_Task to complete:_ Return all of the data exactly, omitting any images.

[The data]

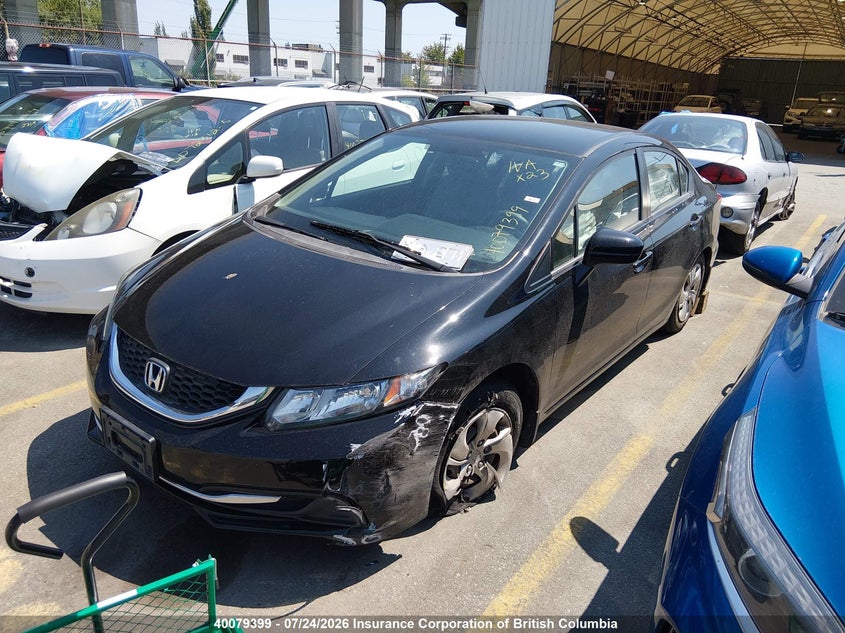 Vin: 2hgfb2f42eh003979, lot: 30098557, honda civic lx 20142
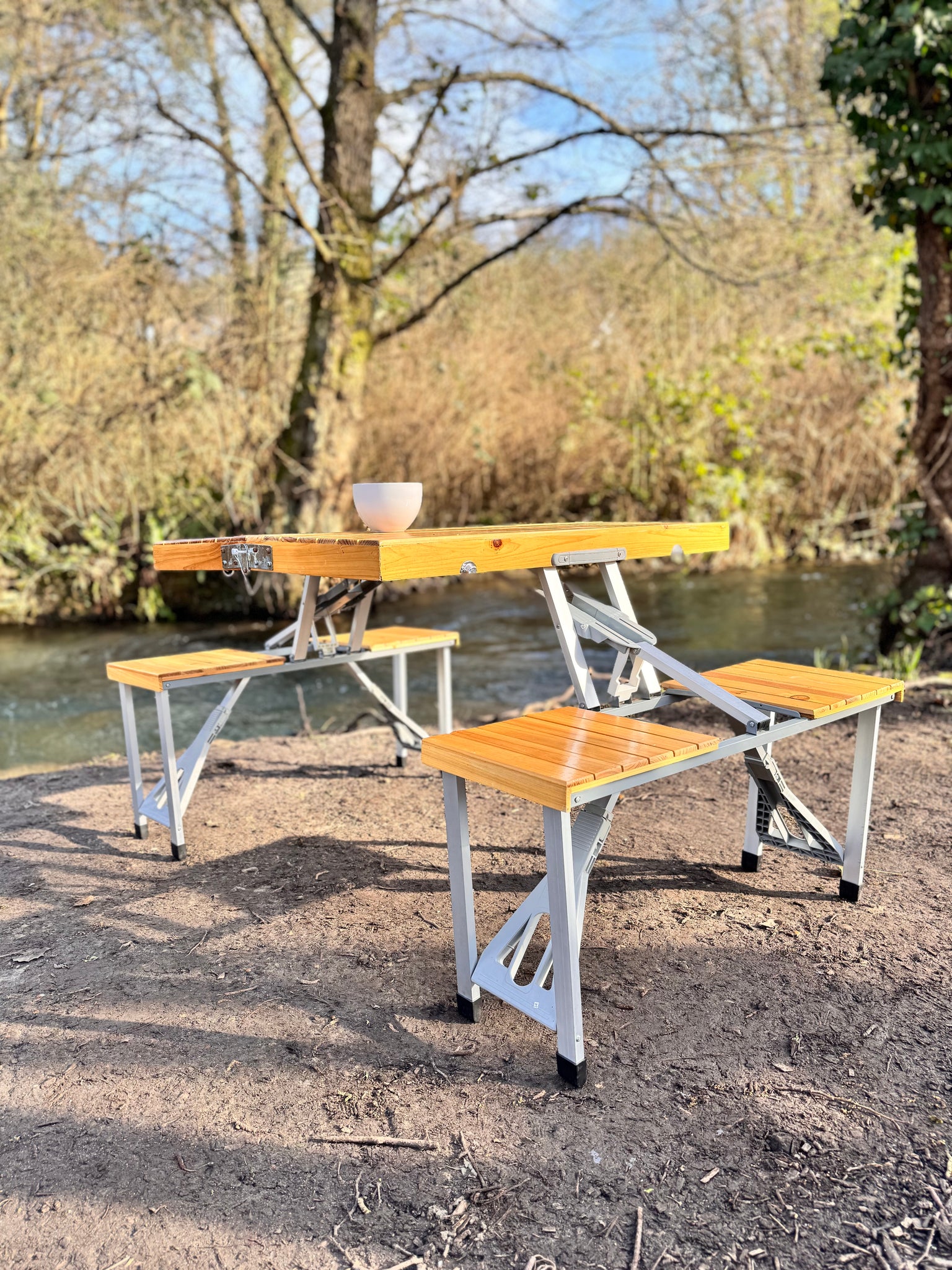 Children’s Foldable Picnic Bench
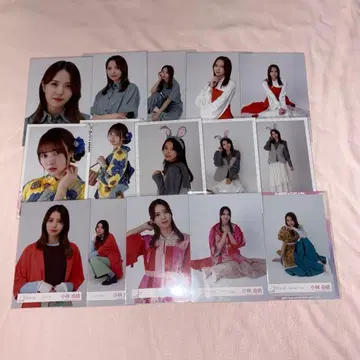 코바야시 유이 브로마이드 15장 묶음 판매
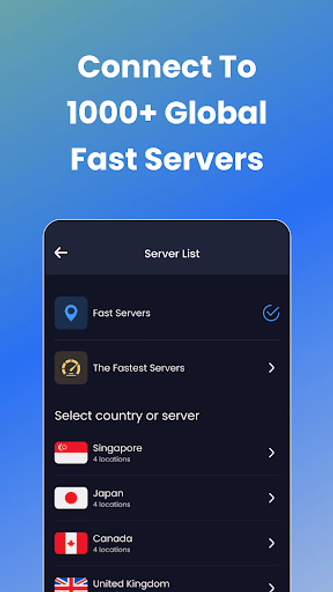 VPN Proxy: Super Secure Server Screenshot 2 - AppWisp.com VPN Proxy: Super Secure Server Screenshot 2 - AppWisp.com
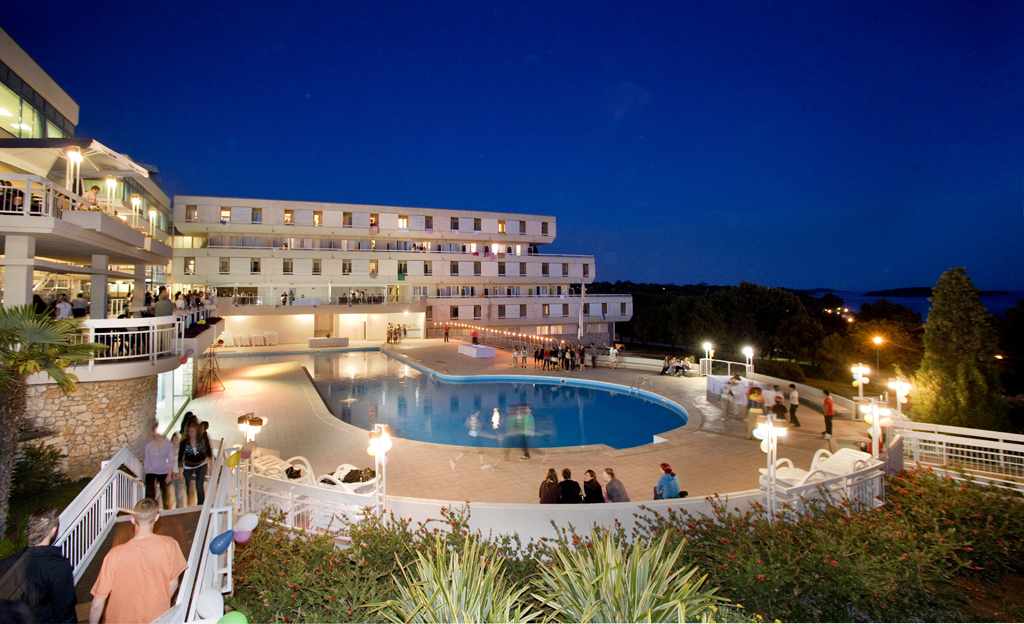 Hotel Delfin Plava Laguna, Porec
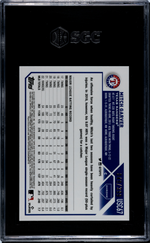 2023 Topps Chrome Update #USC67 Mitch Garver Magenta Ref. /399 SGC 10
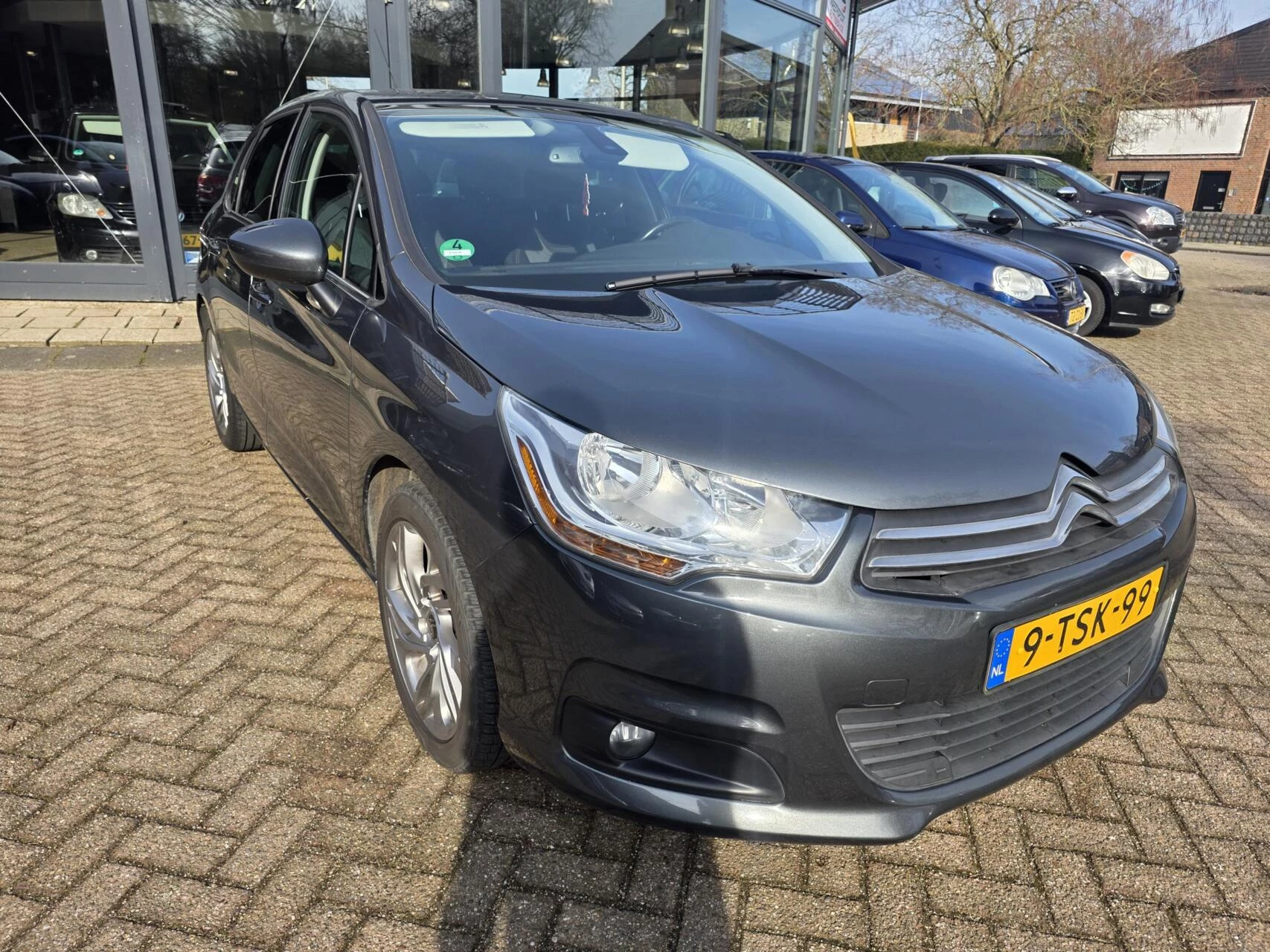 Hoofdafbeelding Citroën C4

[/The data]

_Answer section:_
 Vin: 2hgfb2f42eh003979, lot: 30098557, honda civic lx 20142
 Children’s Foldable Picnic Bench
 코바야시 유이 브로마이드 15장 묶음 판매
 VPN Proxy: Super Secure Server Screenshot 2 - AppWisp.com VPN Proxy: Super Secure Server Screenshot 2 - AppWisp.com
 Hotel Delfin Plava Laguna, Porec
 2023 Topps Chrome Update #USC67 Mitch Garver Magenta Ref. /399 SGC 10
 Hoofdafbeelding Citroën C4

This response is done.